Тем не менее Фукидид жертвует точностью ради увлекательности в одном моменте: он питает слабость к изящным речам, вкладываемым в уста его персонажей. Он открыто признает, что большинство этих речей вымышлено, но они помогают ему объяснить и оживить людей, идеи и события. Он утверждает, что приводимые им речи передают основное содержание речей, произнесенных в действительности; если это так, то все греческие политики и полководцы должны были пройти школу горгианской риторики, софистической философии, Фрасимаховой этики. Все речи написаны одним слогом, отличаются одинаковой утонченностью и реалистичностью взгляда; в изображении Фукидида лаконичные лаконцы столь же словоохотливы, как и воспитанные софистами афиняне. Он вкладывает в уста дипломатов самые недипломатичные доводы[1629], а его полководцев ничто не компрометирует так сильно, как их прямота. «Надгробная речь» Перикла — это превосходный очерк афинской доблести, вышедший из-под изящною пера изгнанника; но речи Перикла славились скорее простотой, чем риторичностью, а Плутарх развеивает все сомнения, сообщая, что от Перикла не осталось ни строчки и не сохранилось ни одного изречения[1630].

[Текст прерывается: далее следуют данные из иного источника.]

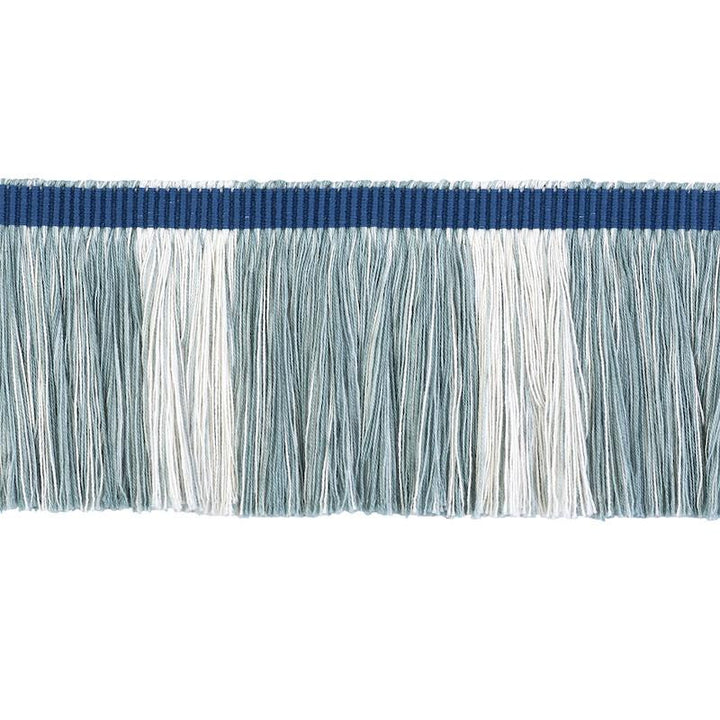 Calcada Fringe Mineral 78981 by Schumacher Trim Stephanie Seal Brown - Fabric Carolina -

Достоинствам Фукидида соответствуют его недостатки. Он суров, как фракиец, — ему недостает афинской живости и остроумия; в его книге нет ни капли юмора. Он так поглощен «войной, история которой освещена Фукидидом» (эта гордая фраза повторяется в его книге не раз), что видит только политические и военные события. Он заполняет страницы подробностями сражений, но не упоминает ни единого художника, ни одного произведения искусства. Он прилежно доискивается причин, но редко обращает внимание на экономические факторы, предопределившие политические события. Хотя Фукидид пишет для будущих поколений, он ничего не сообщает об устройстве греческих государств, городской жизни, общественных установлениях. В его повествовании нет места ни богам, ни женщинам, а галантный Перикл, рискнувший своим положением ради куртизанки, защитницы женской свободы, говорит у него, что «лучшая слава для женщины — когда мужчины говорят о ней как можно меньше, неважно, в порицание или в похвалу»[1631]. Находясь лицом к лицу с величайшей эпохой в истории культуры, он погружается в псевдологику военных побед и поражений, не сказав ни слова о насыщенной жизни афинского разума. Он остается полководцем, даже превратившись в историка.

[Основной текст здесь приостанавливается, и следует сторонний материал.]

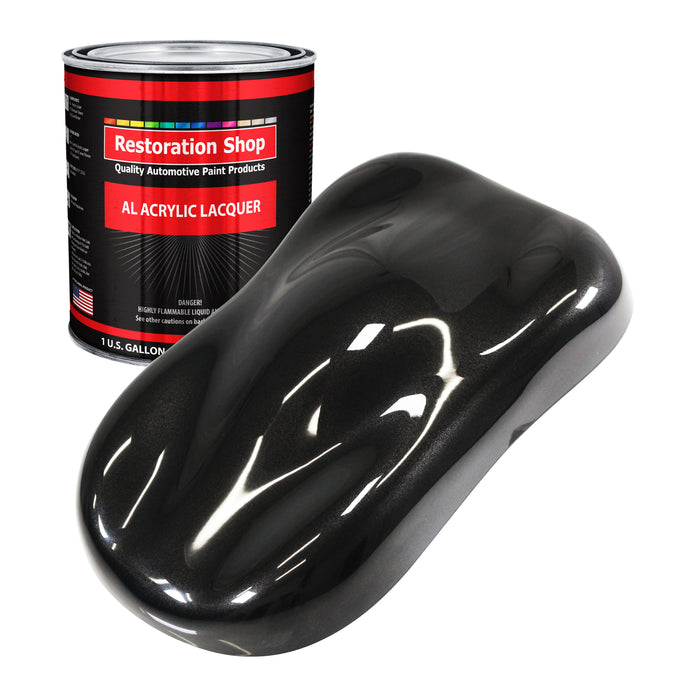 Black Diamond Firemist - Acrylic Lacquer Auto Paint - Gallon Paint Color Only - Professional High Gloss Automotive Car Truck Guitar Refinish Coating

И все же мы благодарны Фукидиду и не должны слишком пенять ему на то, что он не писал о том, о чем и не думал писать. Здесь перед нами исторический метод, почтение к правде, острота наблюдений, беспристрастность суждений, летучий блеск языка и увлекательность слога; здесь перед нами ум одновременно острый и глубокий, чей безжалостный реализм тонизирует наши по природе романтичные души. Здесь нет ни легенд, ни мифов, ни чудес. Фукидид принимает сказания о героях, но пытается дать им естественное объяснение. Что касается богов, то в этом отношении он сокрушительно безмолвен; в его истории им нет места. Он саркастичен по отношению к оракулам и их осмотрительной уклончивости[1632]; он высмеивает глупость Никия, полагающегося на оракулы, а не на знание. Он не признает верховного Провидения, божественного замысла или даже «прогресса»; в его глазах жизнь и история — это трагедия, одновременно грязная и благородная, то здесь, то там искупаемая величием личности, но всегда соскальзывающая в суеверие и войну. В труде Фукидида конфликт между религией и философией находит свое разрешение, и философия одерживает верх.

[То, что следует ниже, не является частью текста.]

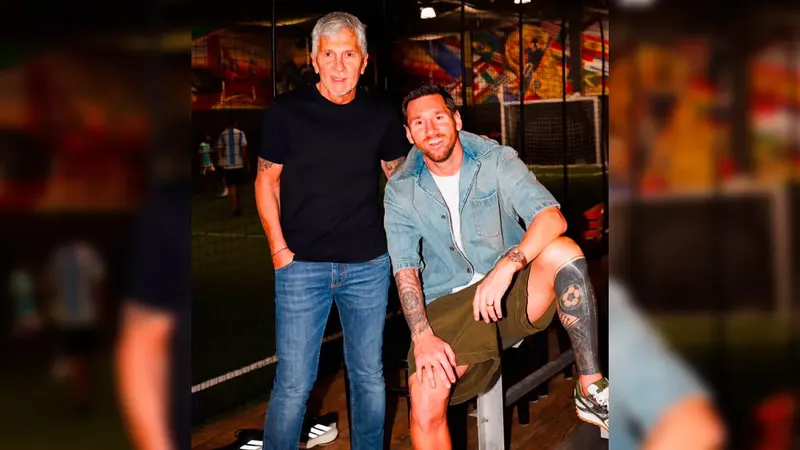 «No sé qué voy a hacer sin vos»: Lionel Messi se despide de su padre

Плутарх и Афиней ссылаются на тысячи греческих историков. Почти все историки Золотого века, за исключением Геродота и Фукидида, занесены илом времени, а от позднейших историков до нас дошли только разрозненные цитаты Схожим образом обстоит дело и с другими жанрами греческой литературы. От сотен трагиков, удостоенных награды на Дионисиях, сохранилось несколько пьес всего трех авторов; из множества комедиографов мы располагаем пьесами только одного; уцелели сочинения лишь двух великих философов. В целом от литературы Греции пятого века сохранилось не более одной двадцатой части, а от литературы предшествующего и последующего периодов и того меньше[1633]. Большинство дошедших до нас произведений созданы в Афинах; другие города, судя по философам, которых они посылали в Афины, тоже были богаты гениями, но их культура раньше была затоплена внешним и внутренним варварством, а их рукописи погибли в смуте войн и переворотов. Мы вынуждены судить о целом по осколкам части.